Will now properly review the logs, and file a new bug if this is not the case.

Comment 24 Daniel Erez 2015-10-26 19:18:00 UTC
(In reply to Francesco Romani from comment #23)
> (In reply to Nir Soffer from comment #19)
> > (In reply to Kevin Wolf from comment #18)
> > > Also, I don't really know yet what the "connection lost" message in VDSM
> > > actually means in detail. Can someone explain? Is this about a monitor socket
> > > being closed, or a command timing out or anything like that? And is libvirt
> > > involved or is VDSM talking directly to qemu there?
> 
> > Francesco, would you open a virt bug for this and work with kgoldbla on
> > this issue?
> 
> I'll be more than happy to work on this (and to find a simple reproducer)
> 
> So far, it seems to share the same root cause of
> https://bugzilla.redhat.com/show_bug.cgi?id=1250839
> 
> Will now properly review the logs, and file a new bug if this is not the
> case.

Thanks Francesco! Please let us know if there's any new outcome.
Adding needinfo for visibility..

Comment 25 Allon Mureinik 2015-10-28 14:08:30 UTC
Francesco - thanks!
Reassigning so it's easier to track this. Please send it back Daniel's way if it's more of a storage issue than a virt one.

And once again - thanks!

Comment 26 Francesco Romani 2015-11-02 18:49:00 UTC
I finally managed to find some time to play with this.

TL;DR: Kevin (Goldblatt), can you please check if this still fails with qemu-kvm-rhev >= 2.3.0-28?

+++

First, I wanted to reproduce locally the qemu-kvm-rhev being stuck.

I had a RHEL7.2 box with quite recent packages, and run the reproducer much like description:
- 3.6.0-ish (but Engine is irrelevant here, VDSM not yet into play) environment with NFS and ISCSI storage domains
- created VM on NFS storage, thin provisioned, 14 GB disk
- booted VM using live image, started brutal dd if=/dev/urandom of=/dev/vda oflag=direct. Please note that this *is* different from description, but at qemu side should not make any difference, it is just I/O on disk
- after something like 20-30s, started Live Storage Migration
- qemu was responsive all along (inspected using ps, virsh, vdsClient, through spice console)

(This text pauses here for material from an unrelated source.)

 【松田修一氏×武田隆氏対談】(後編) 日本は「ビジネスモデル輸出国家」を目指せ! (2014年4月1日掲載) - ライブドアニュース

after few minutes, stopped dd inside guest, stopped vm, removed snapshot and disk, all succeeded.

But I noticed that I was running a much more recent qemu-kvm-*EV* build. Checking the differences, I found some interesting patches to fix bugs in the drive-mirror area, like
https://bugzilla.redhat.com/show_bug.cgi?id=1251487
https://bugzilla.redhat.com/show_bug.cgi?id=1259229

Some reported behaviour matches our findings here.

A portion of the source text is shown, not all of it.